▶ _Exercise materials_
━━━

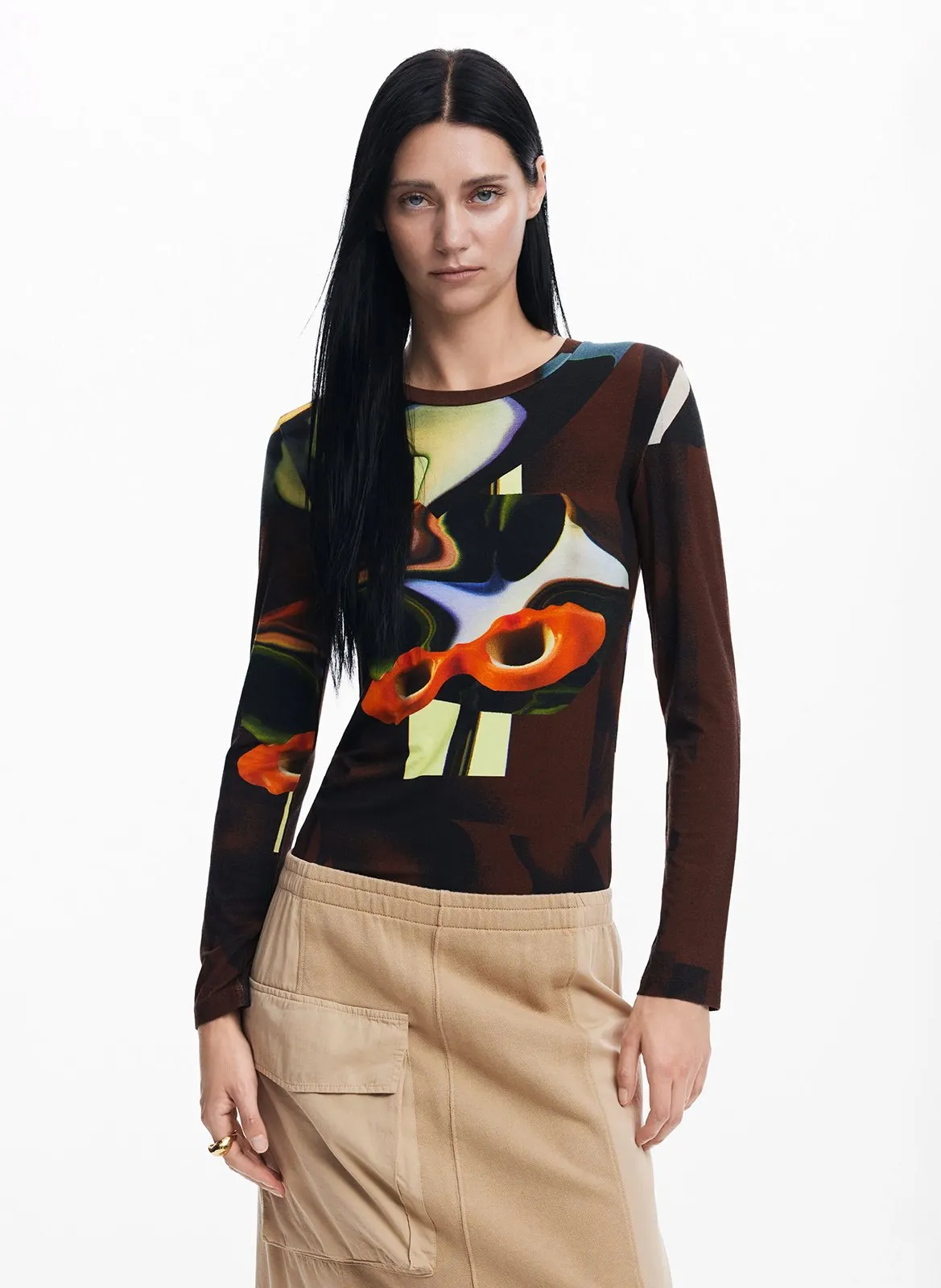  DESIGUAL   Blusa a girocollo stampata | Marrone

━━━

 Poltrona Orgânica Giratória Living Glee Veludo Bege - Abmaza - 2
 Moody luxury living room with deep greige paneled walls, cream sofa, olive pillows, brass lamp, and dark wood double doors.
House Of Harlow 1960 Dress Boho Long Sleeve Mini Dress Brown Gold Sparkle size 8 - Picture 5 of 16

━━━

▶ _Directions for this task_
Look above for the line with "Moody luxury living"; retype exactly that line, every line after it up to the line with "House Of Harlow", and that line too, nothing else.

▶ _Result_
 Moody luxury living room with deep greige paneled walls, cream sofa, olive pillows, brass lamp, and dark wood double doors.
House Of Harlow 1960 Dress Boho Long Sleeve Mini Dress Brown Gold Sparkle size 8 - Picture 5 of 16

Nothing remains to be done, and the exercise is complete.